Australia calls for climate leadership, won’t show it

September 13, 2013
Issue 
Seawater breaks through the sea walls on Marshall Islands.

Australia’s recent federal election should be remembered as the election that forgot about climate change. Serious action to address climate change was a non-issue for the two big parties and the mainstream media, despite the country experiencing its second-warmest August, second-warmest winter and warmest 12-month period on record.

But just two days before the September 7 poll, the Australian government quietly signed, together with 14 other Pacific nations, the Majuro Declaration for Climate Leadership. The nations said: “Climate change has arrived ... We commit to be climate leaders.”
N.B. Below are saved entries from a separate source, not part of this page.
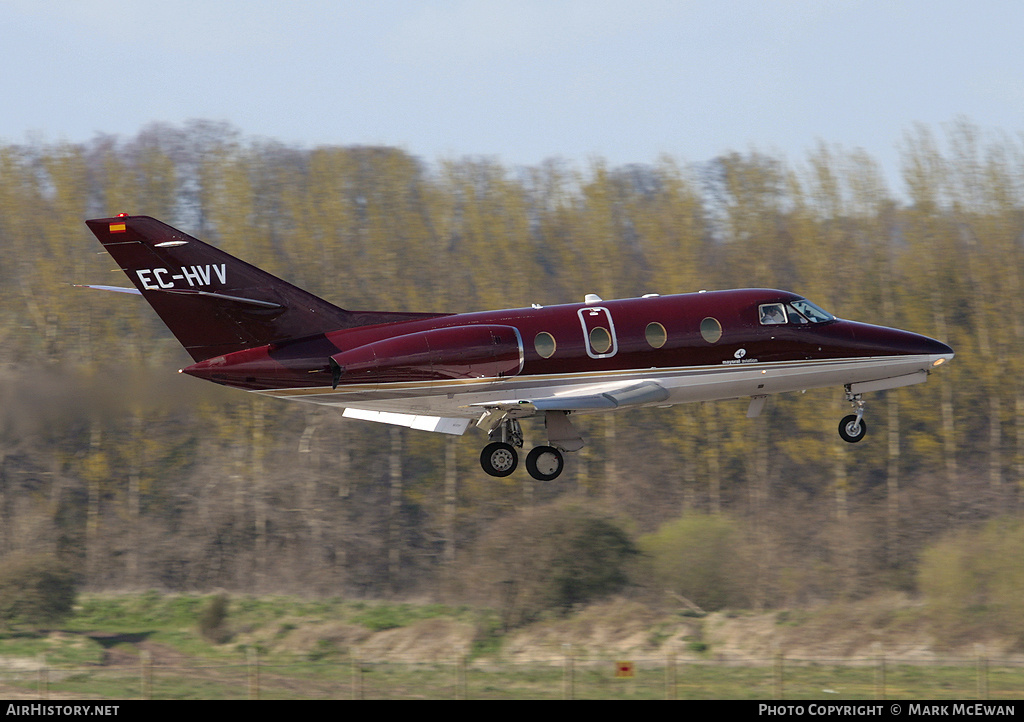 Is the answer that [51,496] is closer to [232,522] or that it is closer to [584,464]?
[232,522]

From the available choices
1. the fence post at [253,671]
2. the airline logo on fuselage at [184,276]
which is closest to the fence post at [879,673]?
the fence post at [253,671]

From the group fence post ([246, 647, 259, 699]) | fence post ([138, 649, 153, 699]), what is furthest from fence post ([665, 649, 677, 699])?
fence post ([138, 649, 153, 699])

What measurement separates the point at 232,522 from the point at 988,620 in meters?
31.7

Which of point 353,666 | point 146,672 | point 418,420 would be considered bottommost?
point 353,666

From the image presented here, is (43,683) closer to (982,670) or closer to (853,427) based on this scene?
(853,427)

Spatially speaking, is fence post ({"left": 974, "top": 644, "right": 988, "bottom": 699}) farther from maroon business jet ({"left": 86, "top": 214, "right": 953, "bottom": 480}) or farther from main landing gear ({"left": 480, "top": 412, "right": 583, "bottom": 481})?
main landing gear ({"left": 480, "top": 412, "right": 583, "bottom": 481})

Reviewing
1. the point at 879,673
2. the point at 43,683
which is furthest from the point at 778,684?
the point at 43,683

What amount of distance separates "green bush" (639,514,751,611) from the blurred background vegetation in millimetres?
2023

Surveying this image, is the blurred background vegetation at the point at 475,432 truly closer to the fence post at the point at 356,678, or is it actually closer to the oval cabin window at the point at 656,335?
the fence post at the point at 356,678

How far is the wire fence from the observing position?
3428 cm

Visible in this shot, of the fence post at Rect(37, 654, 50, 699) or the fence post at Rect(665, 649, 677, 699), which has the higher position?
the fence post at Rect(665, 649, 677, 699)

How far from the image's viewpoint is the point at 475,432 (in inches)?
2263

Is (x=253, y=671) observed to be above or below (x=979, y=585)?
below

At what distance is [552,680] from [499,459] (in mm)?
11911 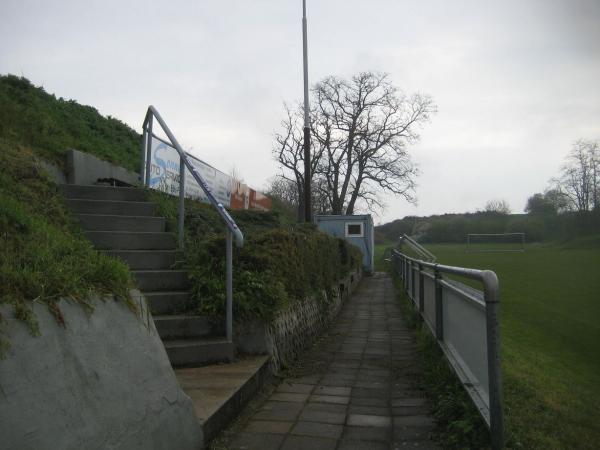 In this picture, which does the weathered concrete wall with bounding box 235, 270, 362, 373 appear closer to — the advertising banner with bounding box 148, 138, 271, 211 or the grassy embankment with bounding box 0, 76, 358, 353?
the grassy embankment with bounding box 0, 76, 358, 353

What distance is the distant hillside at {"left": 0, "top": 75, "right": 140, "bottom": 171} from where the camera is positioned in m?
7.09

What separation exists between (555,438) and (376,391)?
1.58 metres

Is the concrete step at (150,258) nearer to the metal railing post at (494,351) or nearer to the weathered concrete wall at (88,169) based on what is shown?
the weathered concrete wall at (88,169)

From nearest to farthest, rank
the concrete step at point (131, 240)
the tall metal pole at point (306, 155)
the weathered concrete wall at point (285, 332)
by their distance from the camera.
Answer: the weathered concrete wall at point (285, 332)
the concrete step at point (131, 240)
the tall metal pole at point (306, 155)

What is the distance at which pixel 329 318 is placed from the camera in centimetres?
809

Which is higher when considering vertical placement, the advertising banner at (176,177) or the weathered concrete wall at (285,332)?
the advertising banner at (176,177)

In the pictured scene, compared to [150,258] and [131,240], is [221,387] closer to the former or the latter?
[150,258]

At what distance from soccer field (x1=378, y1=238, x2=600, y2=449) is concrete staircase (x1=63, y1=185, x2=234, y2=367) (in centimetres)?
226

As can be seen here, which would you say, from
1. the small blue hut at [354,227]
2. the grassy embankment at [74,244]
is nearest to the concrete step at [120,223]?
the grassy embankment at [74,244]

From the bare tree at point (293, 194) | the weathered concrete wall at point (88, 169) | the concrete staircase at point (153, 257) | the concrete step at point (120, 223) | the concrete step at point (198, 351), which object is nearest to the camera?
the concrete step at point (198, 351)

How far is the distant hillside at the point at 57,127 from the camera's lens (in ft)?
23.3

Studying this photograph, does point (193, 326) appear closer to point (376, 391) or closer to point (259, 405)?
point (259, 405)

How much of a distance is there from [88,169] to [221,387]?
5.12 meters

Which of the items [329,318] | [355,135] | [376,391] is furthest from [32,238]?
[355,135] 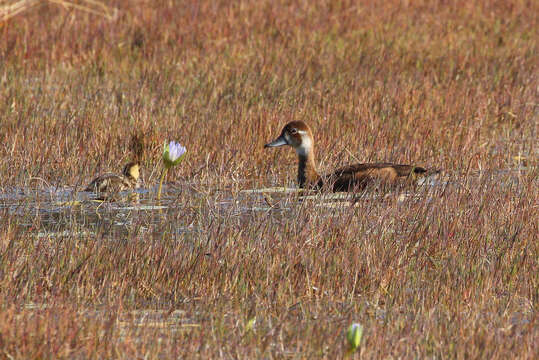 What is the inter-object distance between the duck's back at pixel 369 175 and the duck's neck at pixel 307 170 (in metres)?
0.37

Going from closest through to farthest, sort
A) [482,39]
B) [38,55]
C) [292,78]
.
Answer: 1. [292,78]
2. [38,55]
3. [482,39]

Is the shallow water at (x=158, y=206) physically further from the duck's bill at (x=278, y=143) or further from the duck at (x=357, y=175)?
the duck's bill at (x=278, y=143)

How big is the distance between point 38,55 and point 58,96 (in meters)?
2.60

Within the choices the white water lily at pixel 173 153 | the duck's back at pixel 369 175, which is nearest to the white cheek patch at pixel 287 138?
the duck's back at pixel 369 175

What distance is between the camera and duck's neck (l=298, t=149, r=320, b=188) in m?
8.56

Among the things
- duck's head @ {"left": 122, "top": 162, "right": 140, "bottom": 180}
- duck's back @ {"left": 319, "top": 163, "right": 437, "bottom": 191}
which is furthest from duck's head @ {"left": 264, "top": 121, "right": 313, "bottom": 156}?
duck's head @ {"left": 122, "top": 162, "right": 140, "bottom": 180}

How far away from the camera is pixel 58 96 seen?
447 inches

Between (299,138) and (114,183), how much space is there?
6.15 ft

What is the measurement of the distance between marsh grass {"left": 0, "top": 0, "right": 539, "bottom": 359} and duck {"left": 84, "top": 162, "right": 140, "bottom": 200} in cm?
14

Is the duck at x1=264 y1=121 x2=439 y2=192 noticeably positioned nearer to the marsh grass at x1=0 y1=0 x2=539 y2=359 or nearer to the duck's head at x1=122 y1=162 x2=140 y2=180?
the marsh grass at x1=0 y1=0 x2=539 y2=359

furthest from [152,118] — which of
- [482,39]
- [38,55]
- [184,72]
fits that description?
[482,39]

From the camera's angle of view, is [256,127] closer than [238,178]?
No

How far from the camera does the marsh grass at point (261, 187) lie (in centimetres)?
478

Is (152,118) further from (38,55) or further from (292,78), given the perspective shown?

The declaration was named after the capital city of the Marshall Islands, which hosted the 44th Pacific Island Forum Leader’s meeting. Like other small and poor Pacific island nations, the Marshall Islands is already dealing with dire climate change-induced disasters, which threaten the nation’s very existence.
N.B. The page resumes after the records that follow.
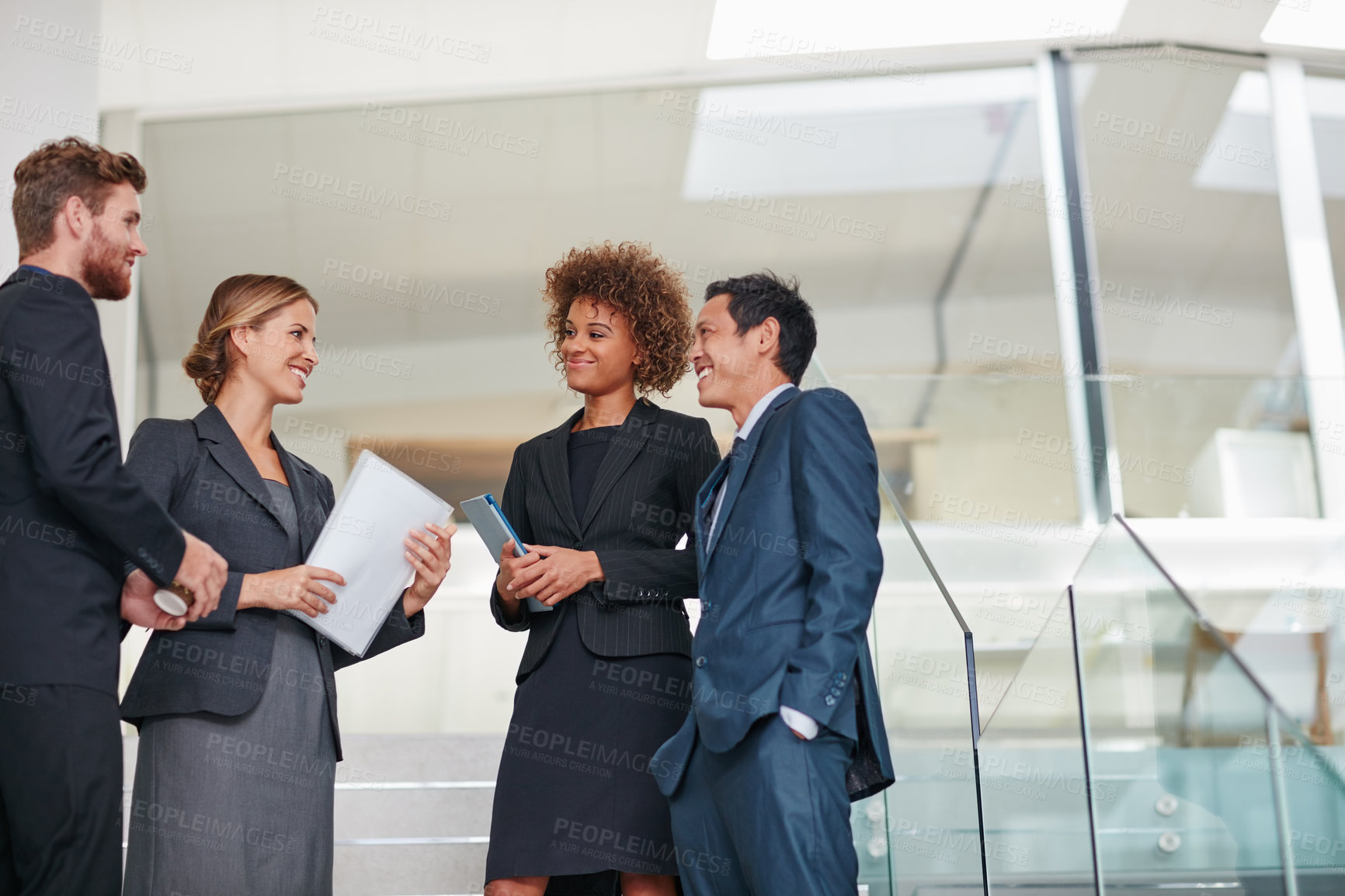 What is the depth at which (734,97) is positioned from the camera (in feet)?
25.8

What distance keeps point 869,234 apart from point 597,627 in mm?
6042

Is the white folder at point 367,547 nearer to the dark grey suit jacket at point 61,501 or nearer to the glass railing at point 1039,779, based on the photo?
the dark grey suit jacket at point 61,501

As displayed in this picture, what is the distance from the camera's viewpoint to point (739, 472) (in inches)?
90.0

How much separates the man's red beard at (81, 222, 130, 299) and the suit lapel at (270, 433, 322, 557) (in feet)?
1.63

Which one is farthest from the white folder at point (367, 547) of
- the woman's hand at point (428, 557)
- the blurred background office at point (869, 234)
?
the blurred background office at point (869, 234)

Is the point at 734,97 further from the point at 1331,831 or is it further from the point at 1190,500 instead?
the point at 1331,831

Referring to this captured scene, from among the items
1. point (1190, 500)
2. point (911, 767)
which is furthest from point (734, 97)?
point (911, 767)

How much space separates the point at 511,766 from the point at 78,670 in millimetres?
877

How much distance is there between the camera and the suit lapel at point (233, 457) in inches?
93.4

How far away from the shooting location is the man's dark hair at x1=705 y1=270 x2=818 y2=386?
98.3 inches

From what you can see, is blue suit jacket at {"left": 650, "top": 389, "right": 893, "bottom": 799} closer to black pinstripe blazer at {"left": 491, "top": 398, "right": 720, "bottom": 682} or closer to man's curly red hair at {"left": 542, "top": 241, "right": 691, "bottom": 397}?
black pinstripe blazer at {"left": 491, "top": 398, "right": 720, "bottom": 682}

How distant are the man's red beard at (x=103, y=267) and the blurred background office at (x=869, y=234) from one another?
11.2ft

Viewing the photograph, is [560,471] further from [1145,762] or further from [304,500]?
[1145,762]

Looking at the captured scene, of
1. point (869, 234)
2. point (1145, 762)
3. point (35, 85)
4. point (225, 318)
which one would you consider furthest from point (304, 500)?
point (869, 234)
In June, seawater broke through the sea walls that surround Majuro city. Many homes in the south of the city were flooded, as was the city’s airport. Locals say sea-level rise is already noticeably contributing to rapid coastline erosion and the contamination of freshwater wells by seawater. Future sea-level rises will also make future floods bigger and more intense.

June’s flood disaster coincided with a devastating drought that affected 15 atolls in the north of the Marshall Islands. The Marshall Islands government declared a state of emergency in April due to the drought, which had wiped out crops and forced islanders to ration scant drinking water supplies.

In June, Marshall Islands minister Tony de Brum said of the double emergency: “From drought to deluge, my people are suffering an escalating climate crisis. Thousands of my people in the north are thirsty and hungry, while thousands of us here in the south are now drenched in seawater. As I said to the US emergency team this morning, ‘welcome to climate change.’”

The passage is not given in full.